(Captioned web image data)
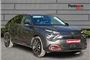 2022 Citroen C4 100kW Shine Plus 50kWh 5dr Auto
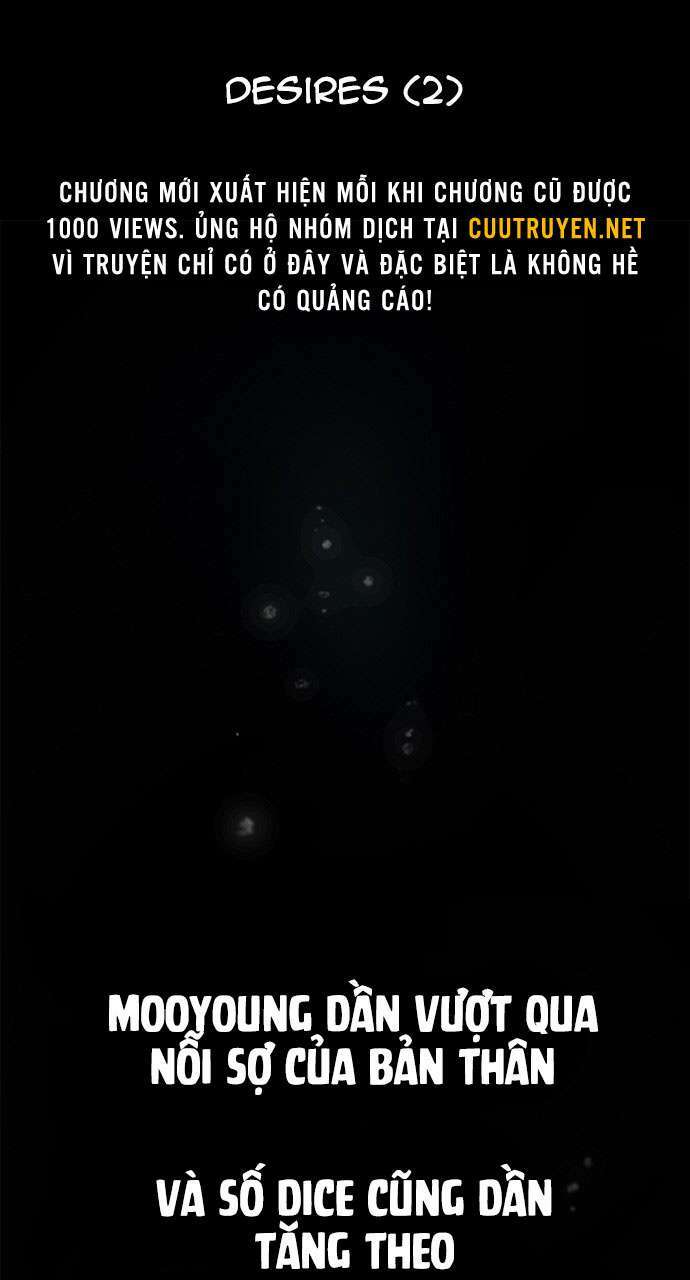 Chương 303 - Trang 7
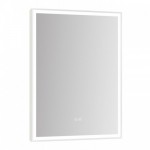 Зеркало Esbano 3682FD/HD вертикальное Зеркало Esbano 3682FD/HD вертикальное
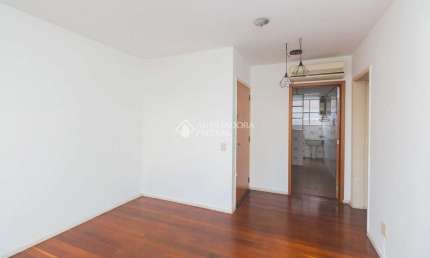 Apartamento com 2 quartos para alugar na Rua Felipe de Oliveira, 752, Petrópolis, Porto Alegre, 60 m2 por R$ 2.400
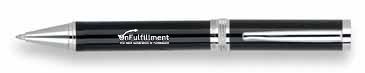 Cerruti Focus Ballpoint
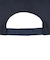 ニューエラ（NEW ERA）キャップ キッズ Youth 9FIFTY MVP ロサンゼルス・ドジャース Shohei Ohtani 紺 51-55cm 14…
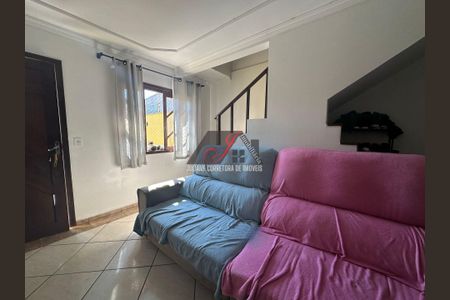 2_photo/94dcfd0dd9.b9011c6352d0a570-ATLAS-ed08632c-d873-41ef-9e69-aa3a42cd992b.jpg de casa à venda com 0 quarto, 66m² em Cidade Industrial de Curitiba, Curitiba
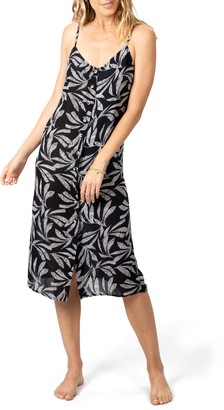 coast torville cocktail dress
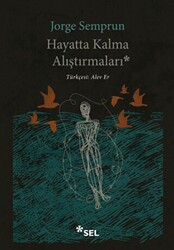 Hayatta Kalma Alıştırmaları - 1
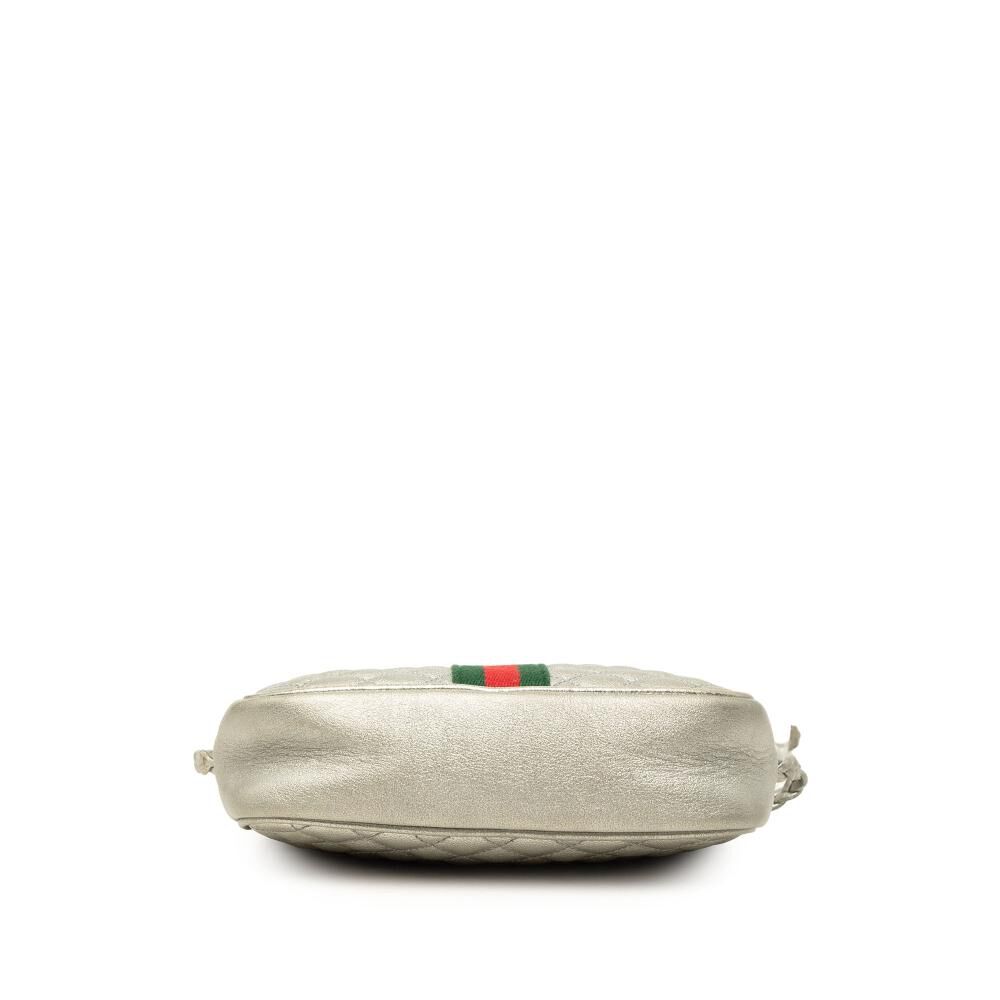 Gucci Crossbody Bag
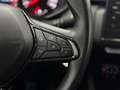 Renault Clio Blue dCi Business 63kW Blanco - thumbnail 21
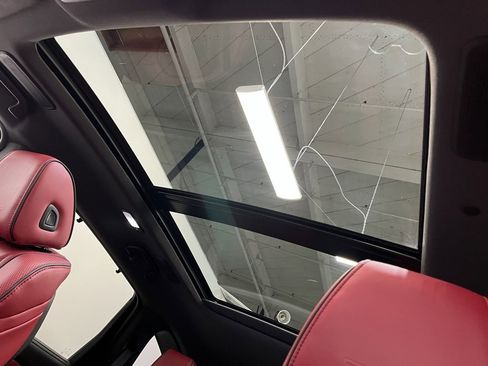 Certified 2025 Acura MDX Type S image 10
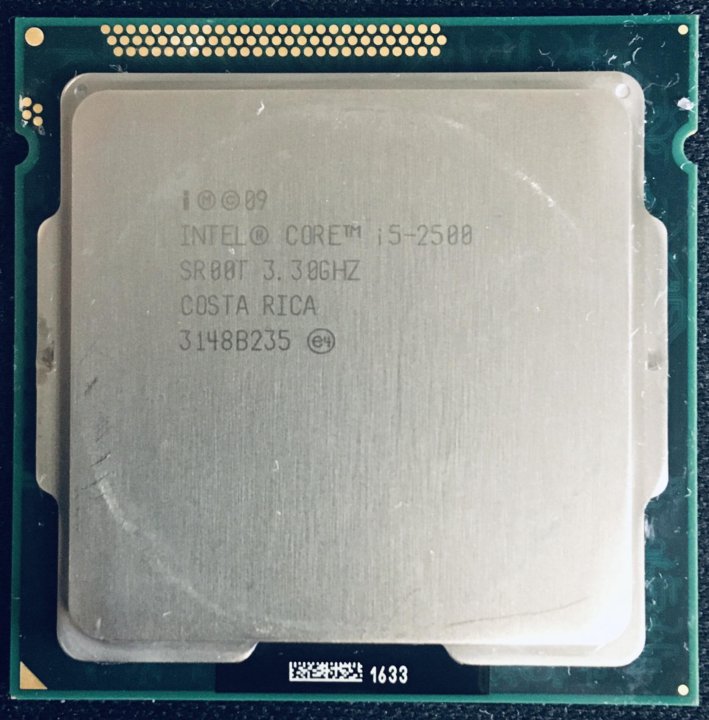 Процессор intel r core i3 2120. Intel(r) core(tm) i3-2120 cpu @ 3.30ghz 3.30 ghz. процессор i3 2120. процессор intel r core tm i3 2120 cpu 3.30ghz характеристики.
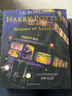 哈利波特與阿茲卡班的囚徒 3 英版彩繪插圖版 平裝  JK羅琳Harry Potter 英文進(jìn)口原版Bloomsbury  小學(xué)教輔 曬單實(shí)拍圖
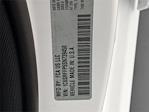 2025 Ram 1500 Crew Cab 4x4 Pickup for sale #D19365 - photo 39
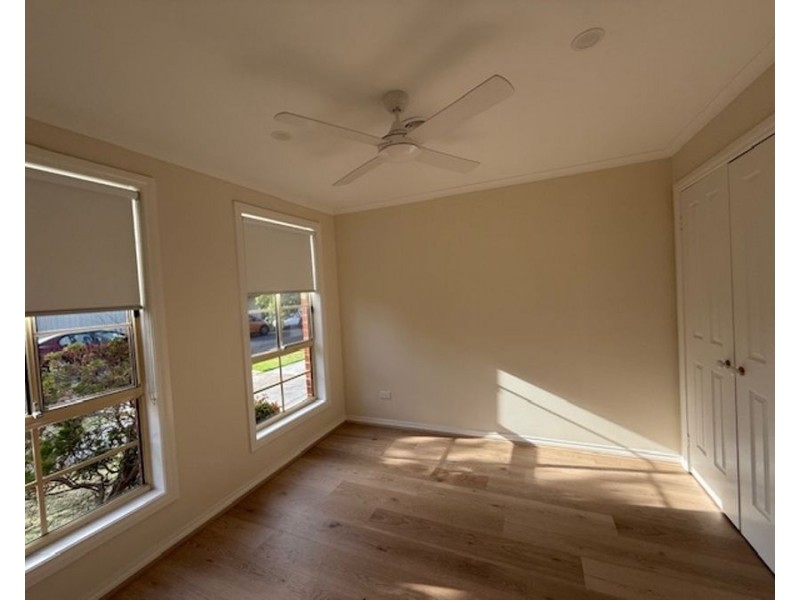 1b Sunshine Street, Pascoe Vale VIC 3044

**DIRECTIONS FOR THIS TASK**
What is needed is an exact copy of the lines above from the one with "Процессор intel r core i3" to the one with "哈利波特與阿茲卡班的囚徒 3 英版彩繪插圖版", both ends kept, and nothing more; please leave the pictures out.

**TASK OUTPUT**
 Процессор intel r core i3 2120. Intel(r) core(tm) i3-2120 cpu @ 3.30ghz 3.30 ghz. процессор i3 2120. процессор intel r core tm i3 2120 cpu 3.30ghz характеристики.
 哈利波特與阿茲卡班的囚徒 3 英版彩繪插圖版 平裝  JK羅琳Harry Potter 英文進(jìn)口原版Bloomsbury  小學(xué)教輔 曬單實(shí)拍圖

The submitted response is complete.